With the United Kingdom beginning to relax its lockdown restrictions and new research showing an overall fall in gambling participation during the lockdown, the Gambling Commission has today introduced new restrictions on the regulated industry.

The new guidance follows the Commission publishing data showing the impact that COVID-19 is having on consumers and the industry so far.

This data shows that 0.2 per cent of UK adults have started gambling for the first time during the lockdown, compared to 1.8 per cent who have stopped gambling altogether.
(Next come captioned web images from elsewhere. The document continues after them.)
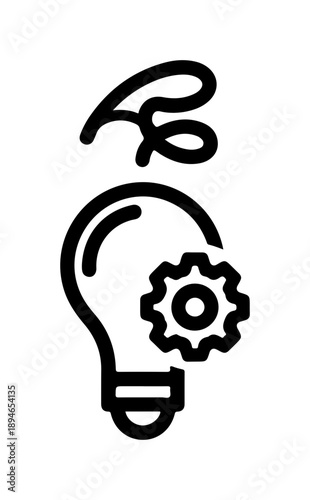 Lightbulb with gear inside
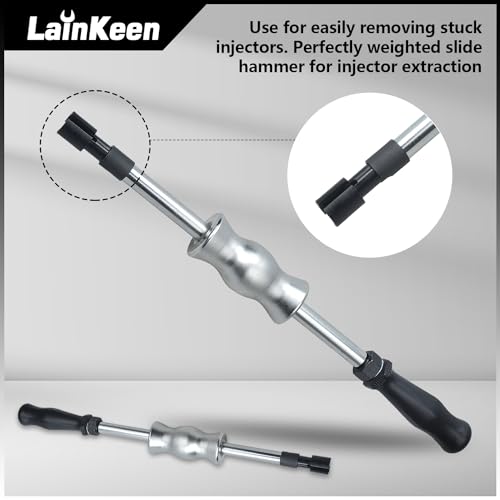 LainKeen Fuel Injector Puller Tool Kit Compatible with Ford EcoBoost 1.0, 1.5, 1.6, 2.0 3.5 3.7 Petrol Engines Injector Removal Tool with Slide Hammer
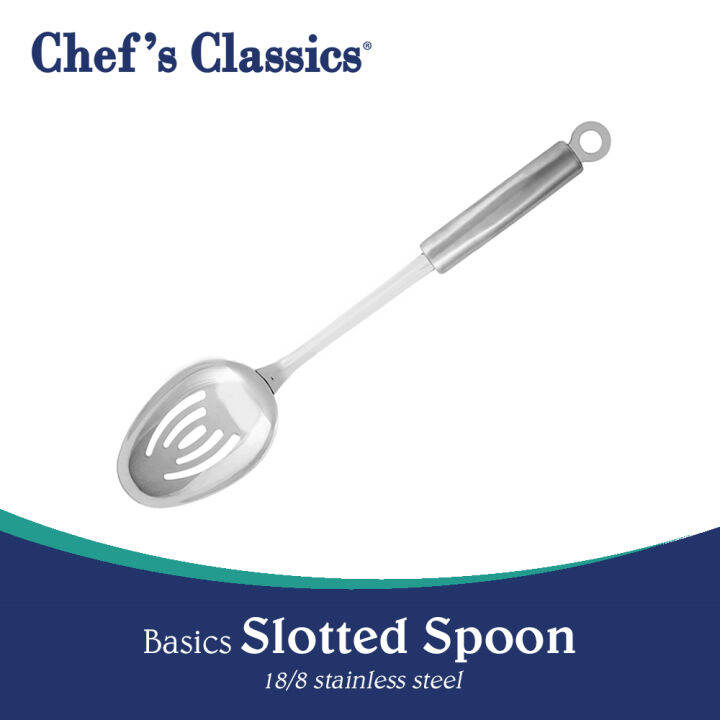 Chef's Classics Basics Stainless Steel Slotted Spoon Lazada PH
More people have also reduced the amount of money spent on gambling than those that have increased spending, with the same true for the amount of time spent gambling.

The Gambling Commissions says that while there is no evidence to suggest an increase in problem gambling, the shift in the market as a result of COVID-19 shows an increase in the use of certain gambling products such as online slots, poker, casino gaming and virtual sports.

This can be explained by the lack of sporting events to bet on, which has resulted in players switching their spend to other gambling products, including the National Lottery.

One of the factors driving the new restrictions appears to be the longer play sessions reported by a minority of players, which could be explained by the switch to more time-consuming games such as online poker and virtual sports.

The new guidance includes additional affordability checks, blocking customers from changing their mind about making withdrawals, and restrictions on bonus offers, with online operators expected to introduce them as soon as possible and for the duration of the lockdown.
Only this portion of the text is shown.